Eine weitere Spielart, gegen politischer Gegner vorzugehen, ist das Negative Campaigning. Es bezeichnet eine Form von politischer Werbung oder Öffentlichkeitsarbeit, mittels derer versucht wird, den (politischen) Rivalen um des eigenen Vorteils willen zu denunzieren. Private, aber auch gesellschaftliche oder geschäftliche (vermeintliche) Verfehlungen werden öffentlich gemacht, um die betreffende Person, Partei oder Organisation gezielt zu skandalisieren. Charakteristisch ist dabei, dass sachliche Argumente keine Rolle spielen und es stattdessen um persönliche Herabsetzung geht. Diese Art des „schmutzigen“ Wahlkampfers ist vor allem in den USA verbreitet; einer der Protagonisten war und ist Steve Bannon.

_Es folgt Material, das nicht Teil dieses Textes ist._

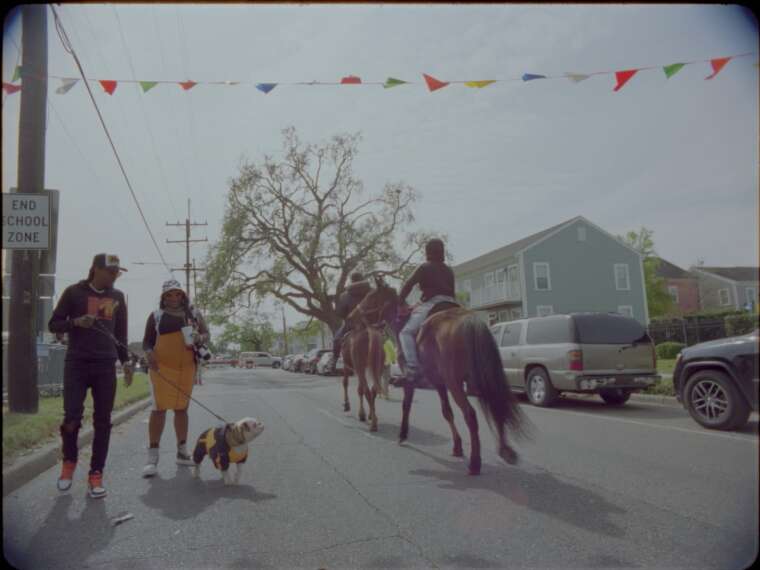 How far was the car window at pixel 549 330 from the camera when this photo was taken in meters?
4.62

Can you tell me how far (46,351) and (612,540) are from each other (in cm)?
1168

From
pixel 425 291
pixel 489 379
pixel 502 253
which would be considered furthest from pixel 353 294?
pixel 502 253

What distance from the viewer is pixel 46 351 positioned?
1141 centimetres

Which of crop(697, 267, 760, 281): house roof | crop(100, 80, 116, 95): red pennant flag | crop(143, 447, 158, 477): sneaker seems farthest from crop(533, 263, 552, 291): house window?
crop(143, 447, 158, 477): sneaker

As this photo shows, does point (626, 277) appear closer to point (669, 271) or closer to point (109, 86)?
point (669, 271)

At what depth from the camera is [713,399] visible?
6215mm

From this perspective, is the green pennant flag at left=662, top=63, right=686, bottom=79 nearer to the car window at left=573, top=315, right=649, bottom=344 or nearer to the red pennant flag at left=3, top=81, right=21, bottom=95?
the car window at left=573, top=315, right=649, bottom=344

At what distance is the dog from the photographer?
14.9ft

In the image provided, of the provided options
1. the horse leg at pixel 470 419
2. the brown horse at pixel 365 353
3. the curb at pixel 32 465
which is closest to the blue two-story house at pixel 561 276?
the horse leg at pixel 470 419

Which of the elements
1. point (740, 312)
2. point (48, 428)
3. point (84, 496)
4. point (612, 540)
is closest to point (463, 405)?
point (612, 540)

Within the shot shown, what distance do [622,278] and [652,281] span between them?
533mm

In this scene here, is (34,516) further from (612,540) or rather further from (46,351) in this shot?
(46,351)

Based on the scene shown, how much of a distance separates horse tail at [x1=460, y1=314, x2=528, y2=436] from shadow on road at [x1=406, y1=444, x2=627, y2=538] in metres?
0.52

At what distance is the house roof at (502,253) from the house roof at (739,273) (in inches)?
41.2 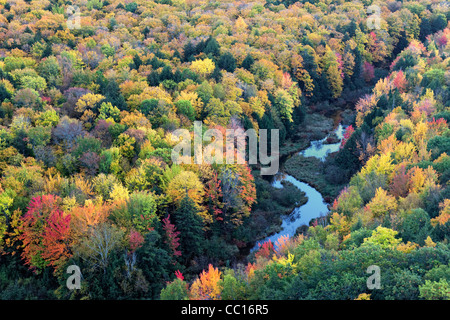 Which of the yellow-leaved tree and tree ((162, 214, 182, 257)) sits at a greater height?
the yellow-leaved tree

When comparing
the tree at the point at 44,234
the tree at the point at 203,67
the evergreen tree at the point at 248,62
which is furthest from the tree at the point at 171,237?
the evergreen tree at the point at 248,62

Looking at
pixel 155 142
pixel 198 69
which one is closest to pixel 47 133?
pixel 155 142

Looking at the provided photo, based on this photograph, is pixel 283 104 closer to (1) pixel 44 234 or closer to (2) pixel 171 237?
(2) pixel 171 237

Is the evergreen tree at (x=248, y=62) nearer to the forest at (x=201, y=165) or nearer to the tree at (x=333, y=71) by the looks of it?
the forest at (x=201, y=165)

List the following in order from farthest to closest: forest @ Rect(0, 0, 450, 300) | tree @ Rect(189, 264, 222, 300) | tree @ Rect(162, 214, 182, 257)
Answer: tree @ Rect(162, 214, 182, 257)
forest @ Rect(0, 0, 450, 300)
tree @ Rect(189, 264, 222, 300)

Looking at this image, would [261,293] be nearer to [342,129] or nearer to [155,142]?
[155,142]

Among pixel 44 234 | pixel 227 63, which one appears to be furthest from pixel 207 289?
pixel 227 63

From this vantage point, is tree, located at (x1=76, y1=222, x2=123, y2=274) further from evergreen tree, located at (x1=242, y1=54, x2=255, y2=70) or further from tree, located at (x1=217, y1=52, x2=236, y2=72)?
evergreen tree, located at (x1=242, y1=54, x2=255, y2=70)

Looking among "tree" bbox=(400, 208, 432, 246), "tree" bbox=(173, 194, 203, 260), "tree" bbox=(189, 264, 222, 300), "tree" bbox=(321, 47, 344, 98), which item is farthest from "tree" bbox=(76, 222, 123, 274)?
"tree" bbox=(321, 47, 344, 98) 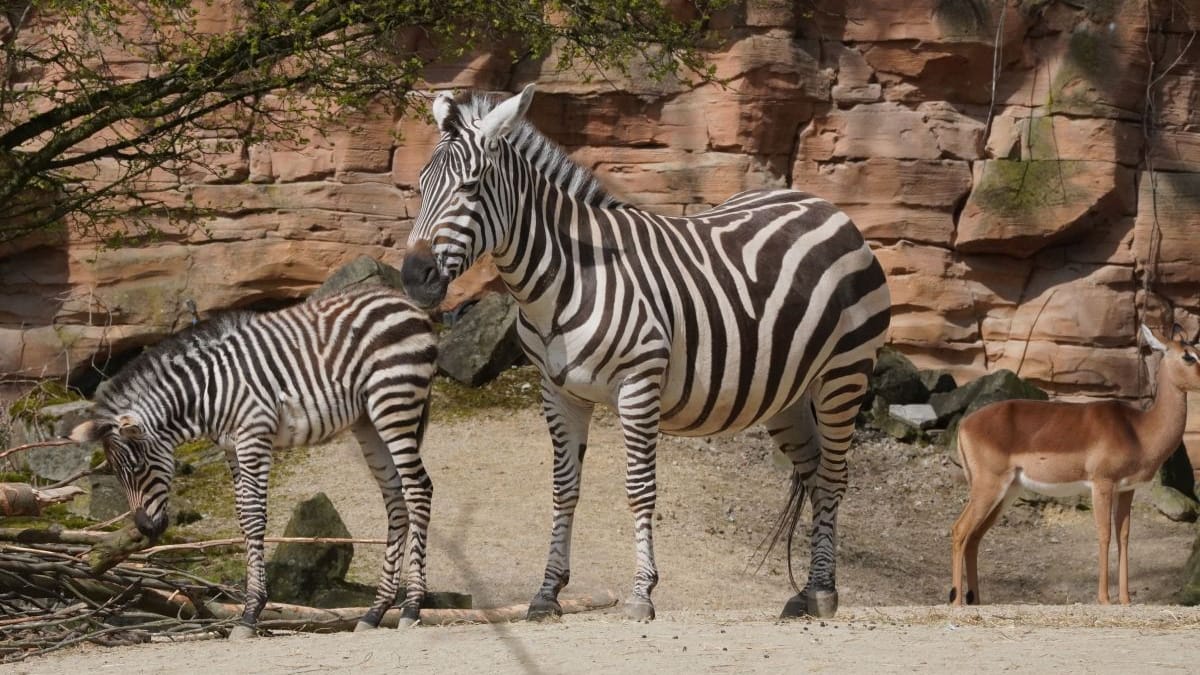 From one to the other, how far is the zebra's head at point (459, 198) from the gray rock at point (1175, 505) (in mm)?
8925

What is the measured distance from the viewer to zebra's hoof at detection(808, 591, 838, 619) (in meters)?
7.22

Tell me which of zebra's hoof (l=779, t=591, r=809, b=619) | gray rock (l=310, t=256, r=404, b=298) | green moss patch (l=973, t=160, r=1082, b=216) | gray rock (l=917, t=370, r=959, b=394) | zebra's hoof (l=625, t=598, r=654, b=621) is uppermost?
green moss patch (l=973, t=160, r=1082, b=216)

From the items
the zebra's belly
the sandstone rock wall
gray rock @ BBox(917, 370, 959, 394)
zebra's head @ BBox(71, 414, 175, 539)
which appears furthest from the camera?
the sandstone rock wall

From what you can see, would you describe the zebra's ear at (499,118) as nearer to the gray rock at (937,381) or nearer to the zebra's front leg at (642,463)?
the zebra's front leg at (642,463)

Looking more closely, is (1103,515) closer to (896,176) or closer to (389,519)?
(389,519)

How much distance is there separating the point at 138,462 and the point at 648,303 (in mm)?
2980

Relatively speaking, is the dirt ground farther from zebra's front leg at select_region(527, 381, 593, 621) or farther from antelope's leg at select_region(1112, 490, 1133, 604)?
antelope's leg at select_region(1112, 490, 1133, 604)

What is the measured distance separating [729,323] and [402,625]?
2.29 metres

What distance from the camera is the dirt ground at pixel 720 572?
5641mm

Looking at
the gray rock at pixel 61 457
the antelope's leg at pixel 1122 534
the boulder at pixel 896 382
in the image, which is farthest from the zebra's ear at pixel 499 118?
the boulder at pixel 896 382

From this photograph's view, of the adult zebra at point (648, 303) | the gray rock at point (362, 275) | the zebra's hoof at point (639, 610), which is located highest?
the adult zebra at point (648, 303)

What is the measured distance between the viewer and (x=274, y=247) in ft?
53.1

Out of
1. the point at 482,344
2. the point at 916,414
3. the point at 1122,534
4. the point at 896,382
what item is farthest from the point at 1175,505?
the point at 482,344

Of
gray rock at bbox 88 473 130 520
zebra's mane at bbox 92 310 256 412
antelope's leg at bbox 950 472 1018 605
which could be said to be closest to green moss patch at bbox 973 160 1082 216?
antelope's leg at bbox 950 472 1018 605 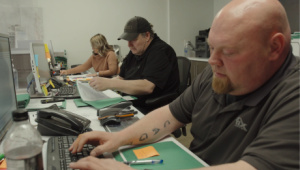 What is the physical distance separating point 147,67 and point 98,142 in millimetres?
1144

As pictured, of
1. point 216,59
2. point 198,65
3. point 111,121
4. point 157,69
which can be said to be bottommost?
point 198,65

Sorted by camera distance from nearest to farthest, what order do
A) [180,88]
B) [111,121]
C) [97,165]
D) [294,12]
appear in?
[97,165], [111,121], [180,88], [294,12]

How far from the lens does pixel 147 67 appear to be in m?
2.09

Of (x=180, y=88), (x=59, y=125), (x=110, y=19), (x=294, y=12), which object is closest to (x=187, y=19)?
(x=110, y=19)

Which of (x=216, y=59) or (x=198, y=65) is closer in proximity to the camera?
(x=216, y=59)

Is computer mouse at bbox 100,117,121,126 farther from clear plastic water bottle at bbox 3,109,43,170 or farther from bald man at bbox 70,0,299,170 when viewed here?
clear plastic water bottle at bbox 3,109,43,170

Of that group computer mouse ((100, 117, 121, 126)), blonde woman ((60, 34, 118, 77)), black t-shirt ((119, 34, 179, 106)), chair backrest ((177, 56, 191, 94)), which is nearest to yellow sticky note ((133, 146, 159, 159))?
computer mouse ((100, 117, 121, 126))

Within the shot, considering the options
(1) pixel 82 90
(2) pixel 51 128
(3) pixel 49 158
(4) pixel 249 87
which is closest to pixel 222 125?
(4) pixel 249 87

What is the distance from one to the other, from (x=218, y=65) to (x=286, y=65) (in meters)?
0.22

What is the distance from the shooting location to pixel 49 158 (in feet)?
2.91

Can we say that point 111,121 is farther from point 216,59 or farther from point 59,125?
point 216,59

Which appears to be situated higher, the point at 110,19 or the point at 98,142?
the point at 110,19

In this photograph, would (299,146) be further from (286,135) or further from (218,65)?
(218,65)

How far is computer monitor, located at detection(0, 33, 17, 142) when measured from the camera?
939 mm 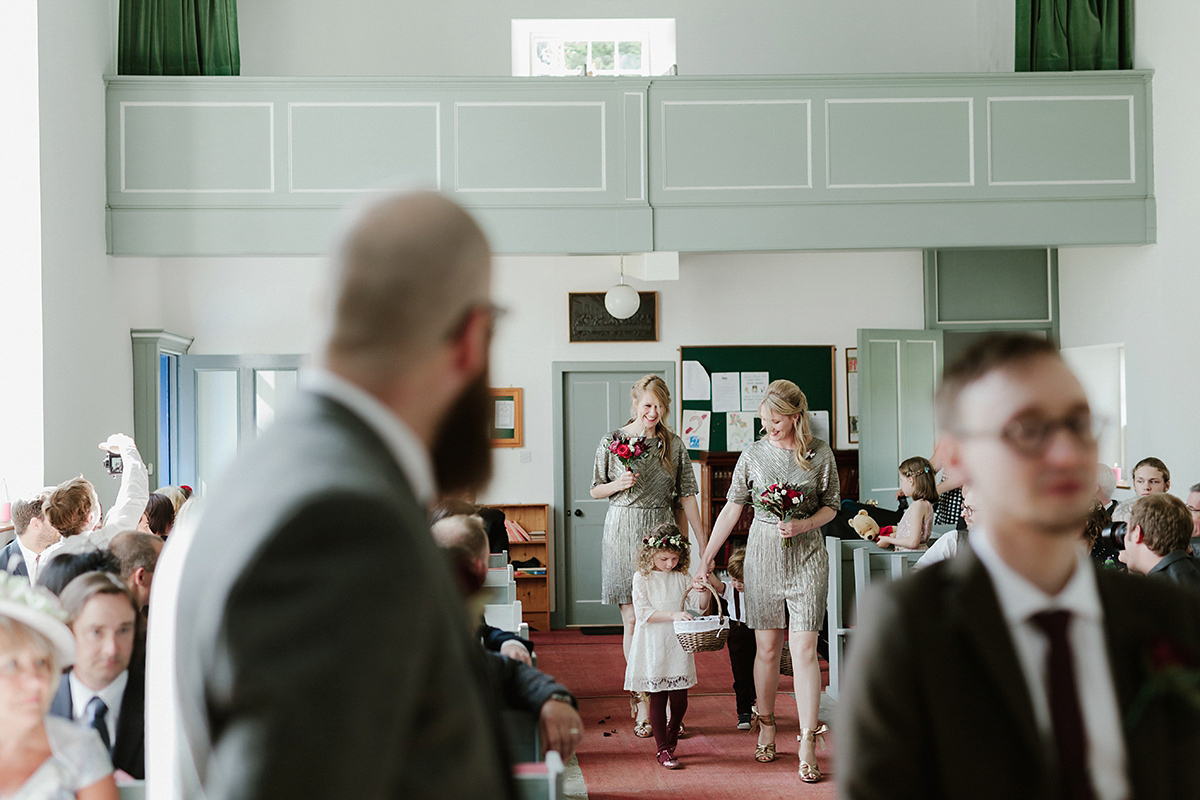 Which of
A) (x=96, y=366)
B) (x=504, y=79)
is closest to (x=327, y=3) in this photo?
(x=504, y=79)

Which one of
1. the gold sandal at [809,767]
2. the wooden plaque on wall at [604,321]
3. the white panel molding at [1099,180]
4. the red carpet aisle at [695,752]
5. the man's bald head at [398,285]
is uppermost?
the white panel molding at [1099,180]

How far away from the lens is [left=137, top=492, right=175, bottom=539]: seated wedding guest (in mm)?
4992

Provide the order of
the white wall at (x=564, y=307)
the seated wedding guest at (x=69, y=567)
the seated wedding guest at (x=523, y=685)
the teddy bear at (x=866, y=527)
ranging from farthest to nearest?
the white wall at (x=564, y=307) → the teddy bear at (x=866, y=527) → the seated wedding guest at (x=69, y=567) → the seated wedding guest at (x=523, y=685)

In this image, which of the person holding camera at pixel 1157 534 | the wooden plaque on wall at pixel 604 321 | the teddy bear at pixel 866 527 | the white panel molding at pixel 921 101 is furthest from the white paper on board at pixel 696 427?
the person holding camera at pixel 1157 534

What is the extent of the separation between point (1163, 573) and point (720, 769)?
2.36 m

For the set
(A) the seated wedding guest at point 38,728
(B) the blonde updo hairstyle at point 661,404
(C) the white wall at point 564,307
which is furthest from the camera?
(C) the white wall at point 564,307

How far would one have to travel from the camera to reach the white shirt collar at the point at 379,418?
89 centimetres

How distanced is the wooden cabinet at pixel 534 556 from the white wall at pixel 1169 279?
174 inches

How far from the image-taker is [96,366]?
7020mm

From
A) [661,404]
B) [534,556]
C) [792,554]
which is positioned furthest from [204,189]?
[792,554]

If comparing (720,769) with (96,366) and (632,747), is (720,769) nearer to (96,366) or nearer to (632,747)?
(632,747)

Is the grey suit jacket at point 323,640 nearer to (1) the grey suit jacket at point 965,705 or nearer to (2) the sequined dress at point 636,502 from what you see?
(1) the grey suit jacket at point 965,705

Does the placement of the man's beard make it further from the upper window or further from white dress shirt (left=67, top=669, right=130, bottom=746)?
the upper window

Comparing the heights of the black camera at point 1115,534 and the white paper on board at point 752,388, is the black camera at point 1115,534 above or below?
below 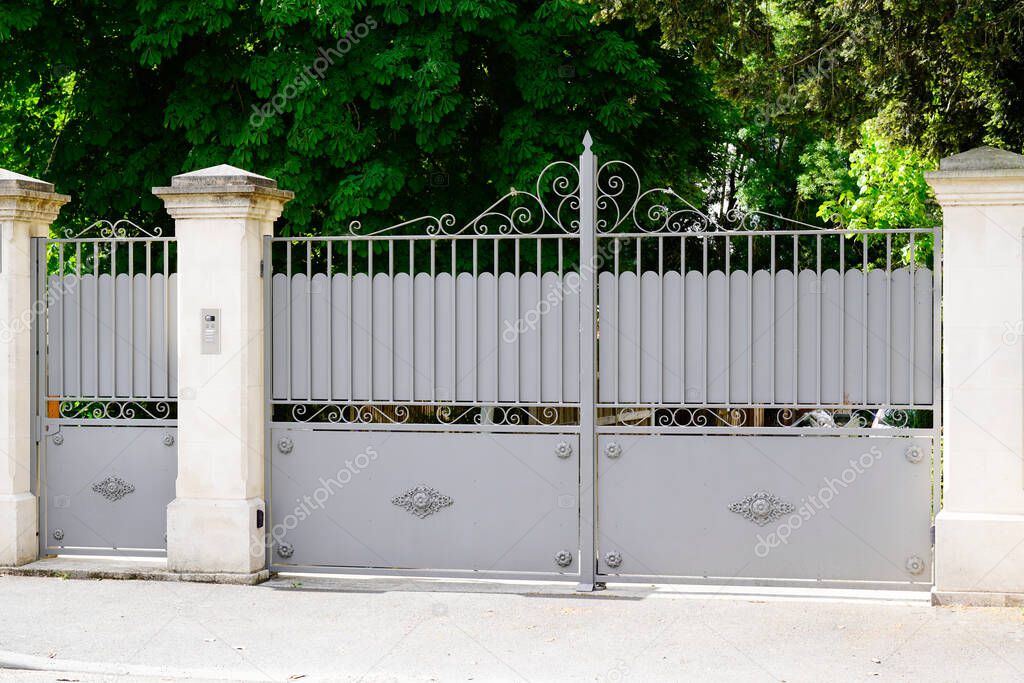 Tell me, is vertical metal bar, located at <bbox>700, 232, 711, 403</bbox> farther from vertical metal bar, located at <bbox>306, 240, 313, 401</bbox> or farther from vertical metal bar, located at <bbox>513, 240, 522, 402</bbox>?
vertical metal bar, located at <bbox>306, 240, 313, 401</bbox>

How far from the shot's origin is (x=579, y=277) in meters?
8.13

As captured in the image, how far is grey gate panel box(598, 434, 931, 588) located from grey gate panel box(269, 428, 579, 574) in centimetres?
38

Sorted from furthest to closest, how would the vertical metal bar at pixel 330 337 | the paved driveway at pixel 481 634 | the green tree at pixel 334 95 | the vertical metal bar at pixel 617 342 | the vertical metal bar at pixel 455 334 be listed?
the green tree at pixel 334 95 < the vertical metal bar at pixel 330 337 < the vertical metal bar at pixel 455 334 < the vertical metal bar at pixel 617 342 < the paved driveway at pixel 481 634

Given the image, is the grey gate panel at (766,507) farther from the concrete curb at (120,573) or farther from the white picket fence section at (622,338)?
the concrete curb at (120,573)

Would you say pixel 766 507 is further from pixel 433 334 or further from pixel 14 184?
pixel 14 184

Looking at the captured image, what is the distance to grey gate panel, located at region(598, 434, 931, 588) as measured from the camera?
306 inches

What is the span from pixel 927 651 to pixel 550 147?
1019 centimetres

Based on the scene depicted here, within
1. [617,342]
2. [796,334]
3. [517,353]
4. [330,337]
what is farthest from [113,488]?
[796,334]

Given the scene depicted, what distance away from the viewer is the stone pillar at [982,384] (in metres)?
7.44

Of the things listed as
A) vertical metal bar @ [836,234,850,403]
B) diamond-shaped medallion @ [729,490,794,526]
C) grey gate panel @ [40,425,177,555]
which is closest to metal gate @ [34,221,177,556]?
grey gate panel @ [40,425,177,555]

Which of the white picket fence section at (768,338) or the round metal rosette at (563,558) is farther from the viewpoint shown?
the round metal rosette at (563,558)

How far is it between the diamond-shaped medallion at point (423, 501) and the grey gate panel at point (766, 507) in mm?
1120

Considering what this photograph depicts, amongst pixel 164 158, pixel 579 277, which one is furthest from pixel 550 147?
pixel 579 277

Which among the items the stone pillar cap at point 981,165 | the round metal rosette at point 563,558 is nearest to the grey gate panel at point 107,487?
the round metal rosette at point 563,558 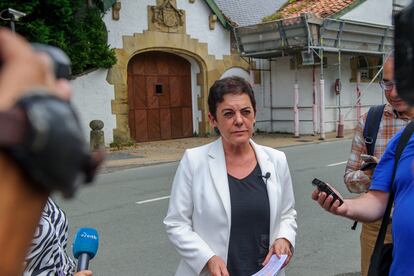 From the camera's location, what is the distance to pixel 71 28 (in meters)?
13.2

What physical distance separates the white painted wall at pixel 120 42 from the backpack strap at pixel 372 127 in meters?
10.8

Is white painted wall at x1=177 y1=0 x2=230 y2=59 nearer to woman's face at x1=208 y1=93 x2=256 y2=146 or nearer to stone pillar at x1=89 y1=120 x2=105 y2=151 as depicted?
stone pillar at x1=89 y1=120 x2=105 y2=151

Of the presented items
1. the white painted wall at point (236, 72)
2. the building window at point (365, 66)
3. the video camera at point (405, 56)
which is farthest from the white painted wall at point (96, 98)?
the video camera at point (405, 56)

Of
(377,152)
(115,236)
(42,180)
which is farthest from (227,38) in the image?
(42,180)

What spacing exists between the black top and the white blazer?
3cm

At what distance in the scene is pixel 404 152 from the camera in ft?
6.20

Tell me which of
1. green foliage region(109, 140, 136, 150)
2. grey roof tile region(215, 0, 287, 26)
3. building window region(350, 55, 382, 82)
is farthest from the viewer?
building window region(350, 55, 382, 82)

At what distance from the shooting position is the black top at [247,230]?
2428 millimetres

Bannon ist kein unbeschriebenes Blatt. Einer breiteren Öffentlichkeit wurde der Publizist, Filmemacher und politische Berater bekannt, als er im August 2016 zum Leiter von Donald Trumps Wahl-Kampagne ernannt wurde; später zu dessen Sicherheitsberater. Trumps Einflüsterer war und ist ein Vordenker der radikal Rechten in den USA, ein Mann, der Chaos und Zerstörung propagiert, der kommende Blutbäder ankündigt und Kriege als unvermeidliche und heilsame Momente in der Geschichte versteht. Bald darauf feuerte ihn Trump; dessen Schwiegersohn Jared Kushner urteilte über Bannon: „Er verstärkt die dunkelsten Instinkte meines Schwiegervaters“.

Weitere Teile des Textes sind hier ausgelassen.